The present invention relates generally to optical fibers. More specifically, the present invention pertains to methods of positioning and aligning optical fibers within a fiber optic system. The present invention is particularly, though not exclusively, useful for quickly and accurately inserting optical fibers into fiber ferrules and other fiber alignment devices.
Over the past several decades, the use of optical fibers, or fiber optics, to transmit information on a light beam have become increasingly popular. In fact, much of the information which is transmitted today within the telecommunications industry is done over optical fibers.
A typical single mode (SM) optical fiber has a diameter of approximately 125 microns (125 xcexcm) and is formed with a glass core with a diameter of about ten microns (10 xcexcm). As a result, these optical fibers are rather flexible, yet must be positioned to a very high degree of precision.
As a result of the widespread use of optical fibers, and the fact that the typical optical fibers are very small and flexible, the handling, positioning and termination of these fibers represents a significant challenge to manufacturers of high quality fiber-optic products. Moreover, because some optical equipment incorporates assemblies having many optical fibers that must all be positioned to within a few microns, or inserted into fiber receptacles, or ferrules, this challenge often represents a significant manufacturing problem. The positioning of optical fibers is even more difficult when attempting to position the fibers in blind holes, or when attempting to automate the manufacturing process.
The use of a vacuum to facilitate the insertion of optical fibers greatly simplifies the automated assembly process.

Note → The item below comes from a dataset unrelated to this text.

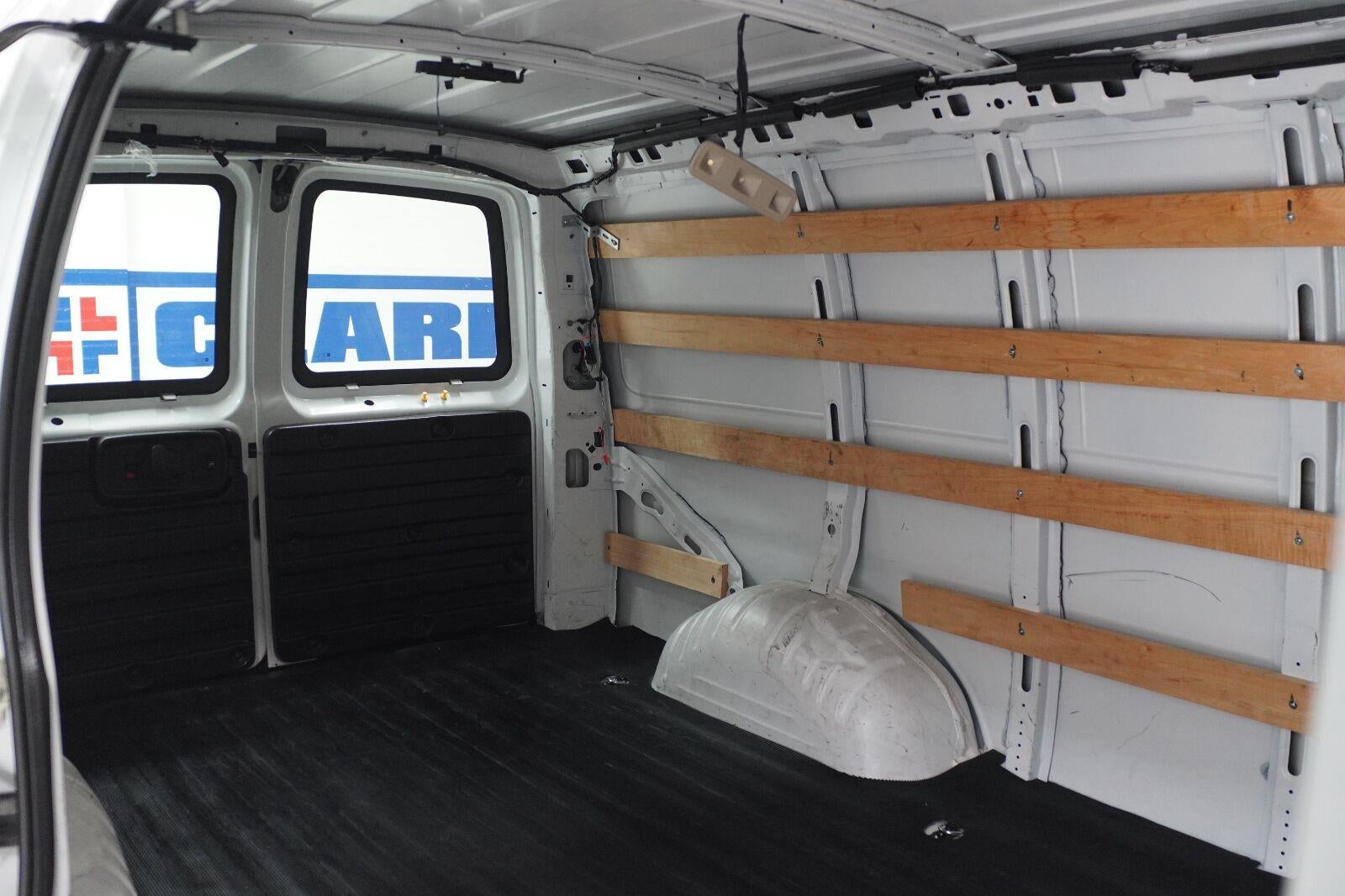 2018 GMC Savana Cargo 2500 VAN 2500 R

In fact, the mechanical alignment tolerances typically experienced in fiber optic manufacturing may be reduced to hundreds of microns, so insertion of fibers into blind holes, typically a most challenging assembly using current approaches, may be easily automated. If conventional ferrules are used, a nozzle end or indent is typically used to guide the fiber. This invention eliminates the need for these nozzles or indented portions, and is even applicable to flat entrance holes.
In a typical application, an optical fiber is positioned for insertion into a hole within about 0.2 mm to 0.3 mm, and held about 50 mm from the end of the fiber. As the fiber is advanced toward the hole, the airstream converging into the hole acts to pull the fiber into alignment with the hole. Consequently, the fiber can be brought near the hole very rapidly, and because the fiber is flexible, the fiber will always go directly into the hole. Experiments have been conducted under microscope observation, and the principle has been repeatedly tested and the sequence observed in each assembly process.

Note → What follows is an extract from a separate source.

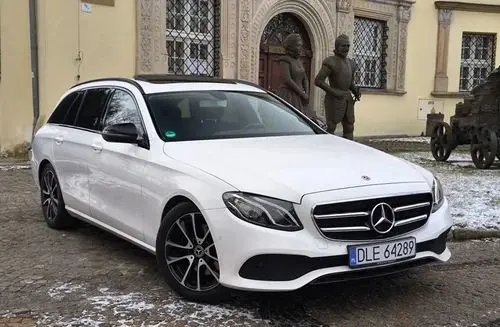 MERCEDES-BENZ Klasa E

In an application where a partial vacuum may be applied to an alignment plate having a number of alignment holes, a fiber clamp having multiple optical fibers may be positioned such that all of the optical fibers in the clamp may be inserted into the alignment plate simultaneously. As a result, large scale assembly of such delicate and flexible optical fibers, while maintaining a very high level of precision, may be achieved and represents a significant advantage over the current state of the art.